[Source data Boundary: Start]
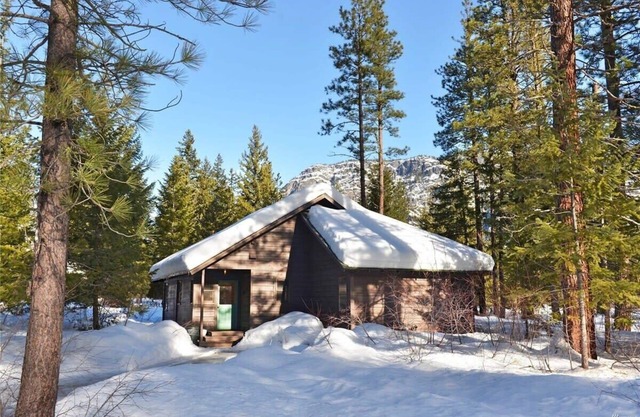 Mazama Panorama - 2 bedroom cabin at Wilson Ranch
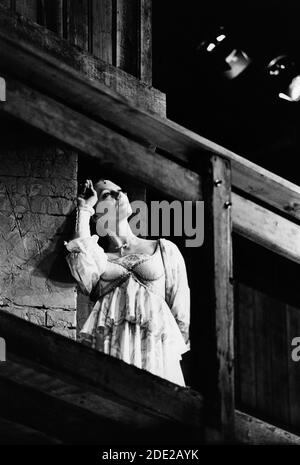 Francesca Annis (Juliet) in ROMEO E JULIET di Shakespeare alla Royal Shakespeare Company (RSC), Stratford-upon-Avon 1976 design: Chris Dyer illuminazione: Clive Morris regista: Trevor Nunn Foto Stock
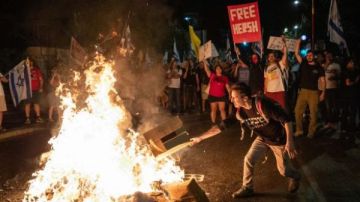 اخرجوا من غزة.. مئات المتظاهرين الإسرائيليين يغلقون طرق تل أبيب اخرجوا من غزة.. مئات المتظاهرين الإسرائيليين يغلقون طرق تل أبيب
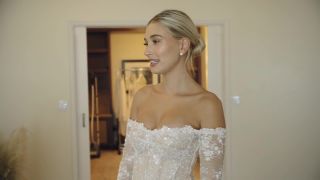 Deutsch Nude Hailey Baldwin - Wedding Dress Fitting (2019)...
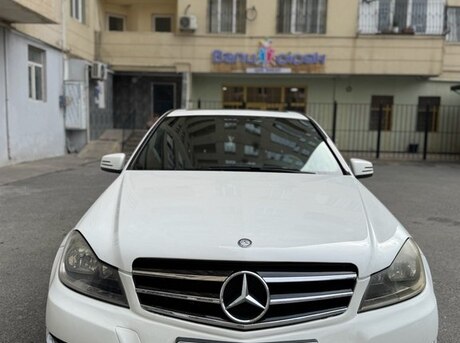 Mercedes C 250 2013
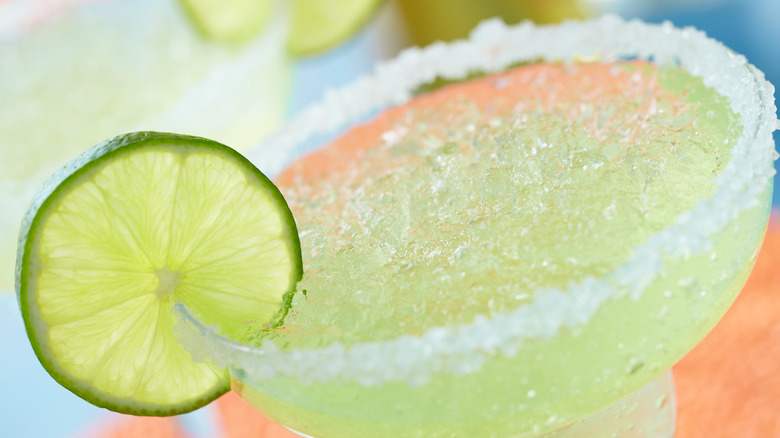 margarita with lime garnish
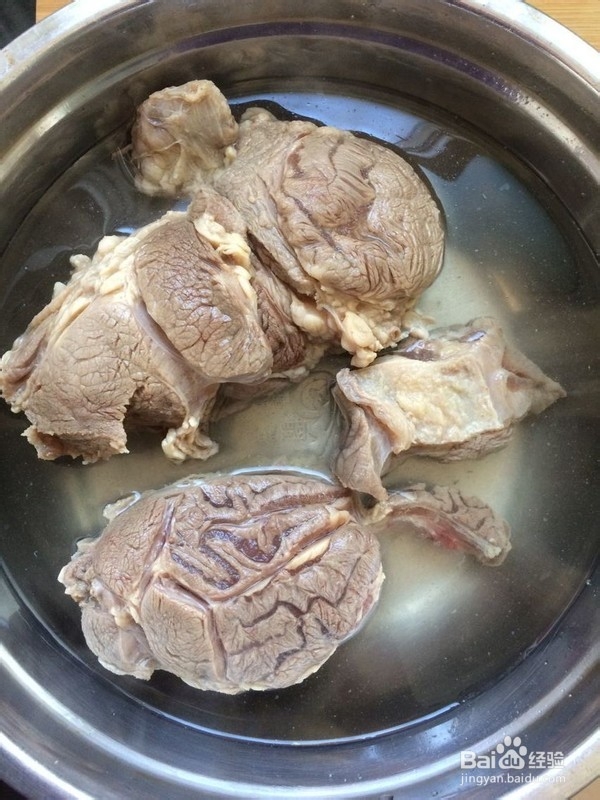 家常卤牛肉的烹饪方式,简单又好吃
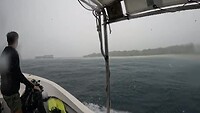 Tropische regenbui na het duiken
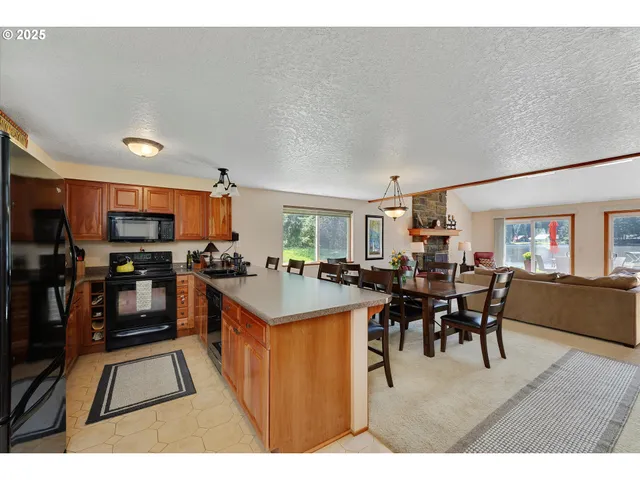 $699,969 | 71848 North Shore Drive, Birkenfeld, OR 97016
[Source data Boundary: End]
What the exercise asks:
Retype the data above as given, letting no picture into the copy.

Task solution:
 Mazama Panorama - 2 bedroom cabin at Wilson Ranch
 Francesca Annis (Juliet) in ROMEO E JULIET di Shakespeare alla Royal Shakespeare Company (RSC), Stratford-upon-Avon 1976 design: Chris Dyer illuminazione: Clive Morris regista: Trevor Nunn Foto Stock
 اخرجوا من غزة.. مئات المتظاهرين الإسرائيليين يغلقون طرق تل أبيب اخرجوا من غزة.. مئات المتظاهرين الإسرائيليين يغلقون طرق تل أبيب
 Deutsch Nude Hailey Baldwin - Wedding Dress Fitting (2019)...
 Mercedes C 250 2013
 margarita with lime garnish
 家常卤牛肉的烹饪方式,简单又好吃
 Tropische regenbui na het duiken
 $699,969 | 71848 North Shore Drive, Birkenfeld, OR 97016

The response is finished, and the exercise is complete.